Mistral AI released Mistral Small 4 on March 16, a 119-billion-parameter Mixture-of-Experts model that consolidates multiple specialized capabilities into a single open-source package.
Model Architecture
Mistral Small 4 uses a 128-expert Mixture-of-Experts design with only 6 billion active parameters per inference pass. This sparse activation keeps inference fast while maintaining the representational power of a much larger dense model.
The model supports two inference modes:
reasoning_effort="none"for low-latency responsesreasoning_effort="high"for extended reasoning, with “equivalent verbosity to previous Magistral models,” according to Mistral’s release notes
Unified Capabilities
The release consolidates three prior model families into one:
- Reasoning — depth equivalent to Magistral
- Multimodal — text + image, previously Pixtral
- Agentic coding — code generation for autonomous systems, previously Devstral
The model supports a 256K context window, enabling longer documents and complex multi-step agent tasks without context truncation.

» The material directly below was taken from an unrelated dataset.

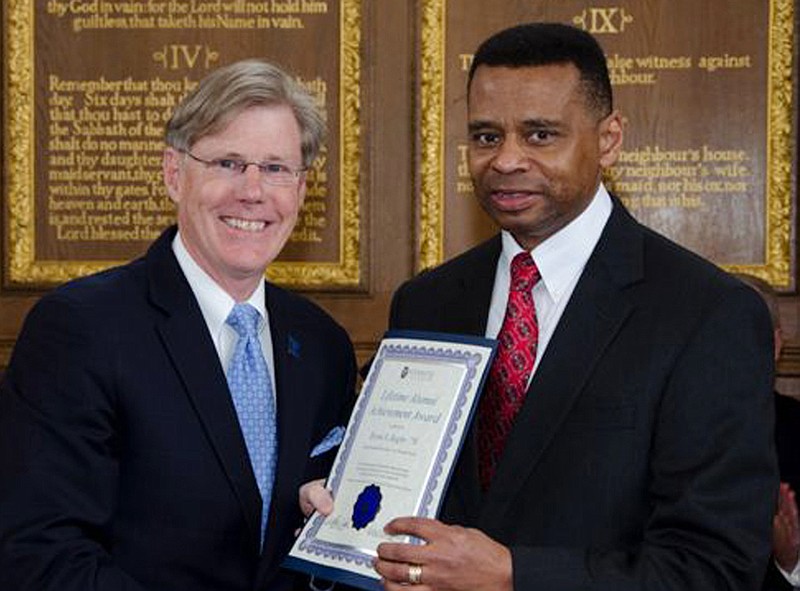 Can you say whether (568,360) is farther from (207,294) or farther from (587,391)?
(207,294)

Licensing and Availability
Mistral Small 4 ships under the Apache 2.0 license, available on Hugging Face, the Mistral API, and NVIDIA Build. Apache 2.0 means any organization can download, deploy, and modify the model without licensing fees or usage restrictions.
Performance Gains
The model is 40% faster and handles 3x more concurrent queries per second than its predecessor, according to Mistral’s internal testing.

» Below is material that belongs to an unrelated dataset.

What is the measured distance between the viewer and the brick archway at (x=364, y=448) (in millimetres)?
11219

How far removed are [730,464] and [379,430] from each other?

NVIDIA Partnership Announcement
Embedded in the Small 4 release is a new NVIDIA-Mistral partnership to co-develop frontier open models, announced simultaneously at GTC 2026. The partnership positions Mistral as NVIDIA’s preferred open-model provider for the NemoClaw agentic framework and broader developer ecosystem.
This dual-track strategy — closed enterprise models (NemoClaw) alongside open community models (Mistral) — reflects NVIDIA’s shift toward a full-stack agentic AI platform play, where NVIDIA controls infrastructure and partners provide the model layer.
Why It Matters
Mistral Small 4’s Apache 2.0 license on a 119B model makes the open-source stack viable for production agentic AI. Prior open models at this scale required custom training or faced licensing restrictions. Small 4 unifies reasoning, multimodal, and code capabilities that previously required separate model deployments.
For teams building autonomous agents, this means deploying a single open model across multiple agent types — reasoning agents, code-generation agents, and multimodal agents — without vendor lock-in or per-token fees.
The NVIDIA partnership signals that open-source infrastructure is no longer competing against proprietary closed models, but complementing them. NVIDIA runs enterprise proprietary models on Vera Rubin infrastructure. Developers run Mistral open models on commodity hardware and dev clouds. Both strategies coexist within a single platform narrative.